According to the study including over 1,000 patients from the Philadelphia area, hesitant patients report perceived concerns about safety and insufficient research. Additionally, hesitant patients were less likely to trust government sources of health information than friends and family. This suggests strategies to combat hesitancy may need new approaches and tailoring to specific populations.
The authors stress that an important opportunity to address vaccine hesitancy lies in EDs serving minority and under-resourced communities that experience increased levels of vaccine hesitancy, restricted access to the vaccine, and high COVID-19 disease burdens. As such, EDs may represent valuable sites for vaccine education and direct vaccination efforts.
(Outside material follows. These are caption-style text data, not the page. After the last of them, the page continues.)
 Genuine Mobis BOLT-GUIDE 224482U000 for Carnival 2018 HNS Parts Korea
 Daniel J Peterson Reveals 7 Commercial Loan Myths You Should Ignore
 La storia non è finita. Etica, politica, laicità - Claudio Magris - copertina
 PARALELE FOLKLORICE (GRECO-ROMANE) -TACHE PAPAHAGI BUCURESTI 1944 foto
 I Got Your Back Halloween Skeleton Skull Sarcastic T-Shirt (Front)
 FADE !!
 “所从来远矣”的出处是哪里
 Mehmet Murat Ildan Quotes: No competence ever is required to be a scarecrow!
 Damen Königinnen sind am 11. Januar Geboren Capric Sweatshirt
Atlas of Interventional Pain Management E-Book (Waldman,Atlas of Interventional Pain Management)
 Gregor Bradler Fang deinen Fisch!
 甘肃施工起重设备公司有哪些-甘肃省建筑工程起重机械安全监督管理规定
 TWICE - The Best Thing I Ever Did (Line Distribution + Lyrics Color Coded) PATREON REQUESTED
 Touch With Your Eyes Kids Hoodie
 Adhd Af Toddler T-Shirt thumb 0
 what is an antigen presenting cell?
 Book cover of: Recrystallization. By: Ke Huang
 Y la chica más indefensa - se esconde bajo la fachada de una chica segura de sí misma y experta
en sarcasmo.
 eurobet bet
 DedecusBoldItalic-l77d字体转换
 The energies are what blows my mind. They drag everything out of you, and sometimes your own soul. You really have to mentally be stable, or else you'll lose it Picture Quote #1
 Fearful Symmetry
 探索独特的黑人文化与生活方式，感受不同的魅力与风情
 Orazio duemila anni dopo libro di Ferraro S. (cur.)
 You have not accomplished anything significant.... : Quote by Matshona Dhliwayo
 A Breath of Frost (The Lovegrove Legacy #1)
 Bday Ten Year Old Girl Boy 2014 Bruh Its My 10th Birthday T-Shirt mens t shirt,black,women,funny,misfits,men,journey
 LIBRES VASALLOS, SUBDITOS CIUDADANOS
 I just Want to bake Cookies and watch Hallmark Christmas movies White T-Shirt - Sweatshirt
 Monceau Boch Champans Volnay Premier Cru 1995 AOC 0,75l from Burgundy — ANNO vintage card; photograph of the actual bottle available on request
The lead author of the study is Benjamin S. Abella, MD, MPhil, professor and vice chair for research and director of the Center for Resuscitation Science in the department of emergency medicine at the Perelman School of Medicine, University of Pennsylvania.
Commenting on the study is Harrison J. Alter, MD, MS, founding executive director and director of research at the Andrew Levitt Center for Social Emergency Medicine.
"This paper points us to yet another application of meeting our most vulnerable neighbors where they are; in the ED. ED-based outreach, informed by cultural humility, could help make inroads in the disparities described herein."